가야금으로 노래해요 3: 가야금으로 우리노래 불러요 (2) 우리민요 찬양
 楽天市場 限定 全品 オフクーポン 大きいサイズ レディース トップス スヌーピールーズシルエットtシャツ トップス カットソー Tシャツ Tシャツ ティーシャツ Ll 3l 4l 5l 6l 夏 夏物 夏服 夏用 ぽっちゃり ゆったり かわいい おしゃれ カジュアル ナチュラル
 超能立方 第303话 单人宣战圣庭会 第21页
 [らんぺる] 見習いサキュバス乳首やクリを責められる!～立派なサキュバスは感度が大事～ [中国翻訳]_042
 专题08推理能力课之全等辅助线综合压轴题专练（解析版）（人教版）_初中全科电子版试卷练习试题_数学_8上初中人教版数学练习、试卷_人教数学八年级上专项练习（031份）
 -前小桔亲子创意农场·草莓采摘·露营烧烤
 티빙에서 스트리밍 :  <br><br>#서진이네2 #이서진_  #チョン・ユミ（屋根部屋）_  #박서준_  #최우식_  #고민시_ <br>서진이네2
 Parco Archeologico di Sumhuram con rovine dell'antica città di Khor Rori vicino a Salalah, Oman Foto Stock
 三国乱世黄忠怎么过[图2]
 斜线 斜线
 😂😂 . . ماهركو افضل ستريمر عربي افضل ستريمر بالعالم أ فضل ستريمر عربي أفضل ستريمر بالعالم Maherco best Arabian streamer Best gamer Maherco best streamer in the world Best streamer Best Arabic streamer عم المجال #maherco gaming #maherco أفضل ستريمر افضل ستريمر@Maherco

----------

- _Task to complete_: Produce an exact repeat of the lines from the one containing "-前小桔亲子创意农场·草莓采摘·露营烧烤" through the last line of the data, and nothing more.

- _Exercise answer_:
 -前小桔亲子创意农场·草莓采摘·露营烧烤
 티빙에서 스트리밍 :  <br><br>#서진이네2 #이서진_  #チョン・ユミ（屋根部屋）_  #박서준_  #최우식_  #고민시_ <br>서진이네2
 Parco Archeologico di Sumhuram con rovine dell'antica città di Khor Rori vicino a Salalah, Oman Foto Stock
 三国乱世黄忠怎么过[图2]
 斜线 斜线
 😂😂 . . ماهركو افضل ستريمر عربي افضل ستريمر بالعالم أ فضل ستريمر عربي أفضل ستريمر بالعالم Maherco best Arabian streamer Best gamer Maherco best streamer in the world Best streamer Best Arabic streamer عم المجال #maherco gaming #maherco أفضل ستريمر افضل ستريمر@Maherco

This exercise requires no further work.